Dieses steht in Verbindung mit Zellen, die die Herzmuskelfasern vergrößern und dadurch letztlich auch die Pumpkapazität des Herzens erhöhen. Ein Syndrom, das beispielsweise auch bei Ausdauersportlern vorkommt und als Hypertrophie bezeichnet wird. Beim Menschen dauert dieser Anpassungsvorgang Wochen, wenn nicht Monate.

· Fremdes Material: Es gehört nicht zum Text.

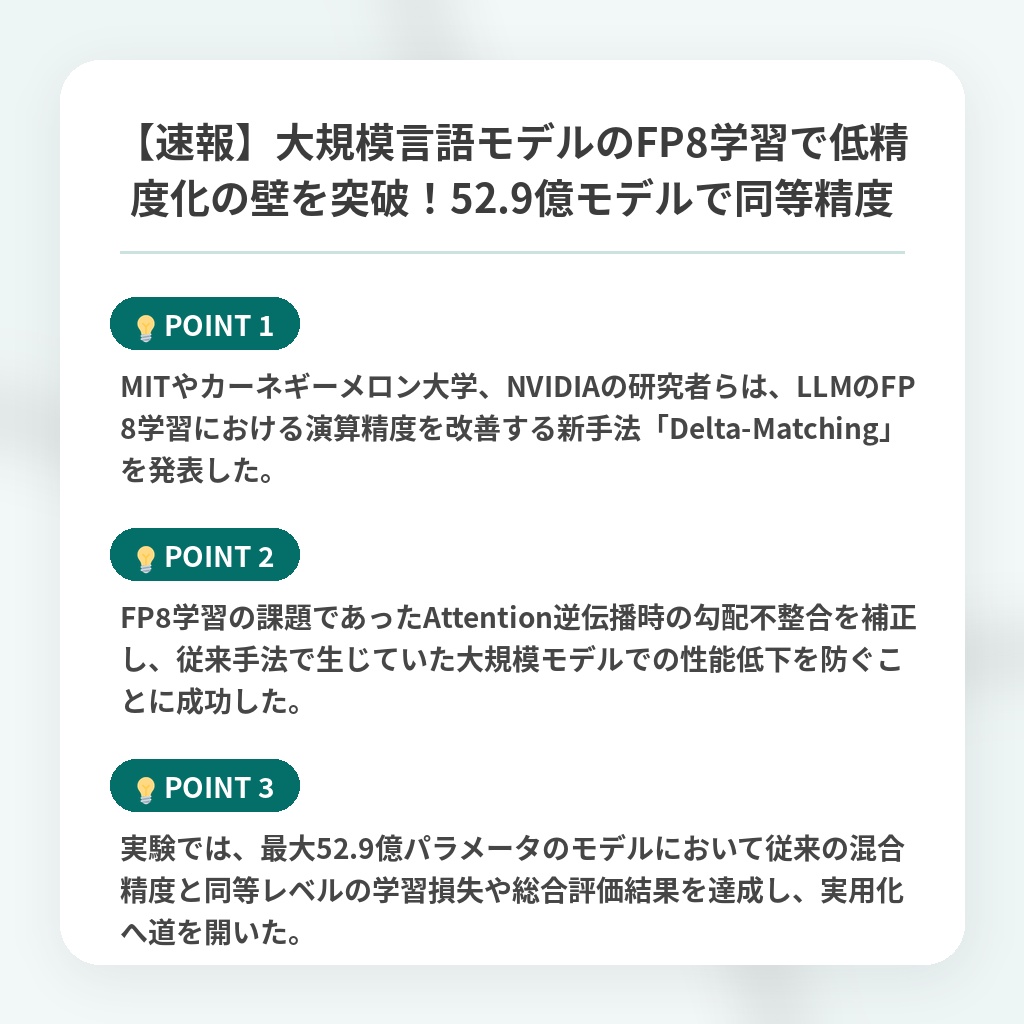 【速報】大規模言語モデルのFP8学習で低精度化の壁を突破!52.9億モデルで同等精度の注目ポイントまとめ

Herzwachstum im Turbo-Tempo
Die Pythonschlangen dagegen schaffen das innerhalb von 48 Stunden. Dann können sie pro Herzschlag bis zu 50 Prozent mehr Blut durch die Adern und Venen pumpen als unter normalen Bedingungen. Das verbessert unter anderem die Sauerstoffversorgung des Körpers und wirkt sich dadurch positiv auf alle mögliche Lebensvorgänge aus. „Einige Forscher haben von einer 44-fachen Zunahme des Stoffwechsels während der Verdauung berichtet“, konstatierte Hicks dann auch in seiner Studie.
Hoher Kalorienverbrauch
Alle diese raffinierten, aber aufwändigen Verdauungs-Tricks bleiben jedoch nicht ohne Folgen für die Energiebilanz. Ein Drittel bis die Hälfte der aufgenommen Kalorien werden dadurch gleich wieder verbraucht. Dennoch können Riesenschlangen nach einer üppigen Mahlzeit bis zu anderthalb Jahre überleben, ohne wieder Nahrung zu sich zu nehmen.

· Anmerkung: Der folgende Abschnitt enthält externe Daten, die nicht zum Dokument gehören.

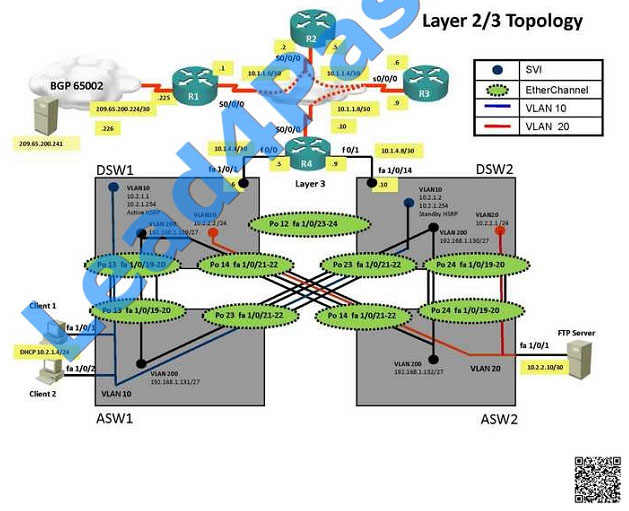 lead4pass 300-135 exam dumps - q16-1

Warum das so ist, beschreibt der Zoologe Professor Matthias Starck zusammen mit Kollegen so: „Ist das Festmahl zu Ende, beginnt der Python mit dem Heilfasten. Er verbraucht kaum Stoffwechselenergie und erneuert dabei vollständig seine Darmzellen. Somit sind Fastenzeiten nichts anderes als notwendige Erholungsphasen für den Schlangendarm.“
Zurück in den „Normal-Modus“
Aber nicht nur dieser wechselt in den Normal-Modus zurück, auch die anderen „aufgepeppten“ Organe wie Leber, Niere oder Herz schrumpfen nach dem Ende der Verdauung fast genauso schnell wie sie gewachsen sind. Die Mechanismen, die diese umfangreichen Umbauarbeiten in die Wege leiten, sind noch weitgehend unklar und werden derzeit von Forschern weltweit untersucht.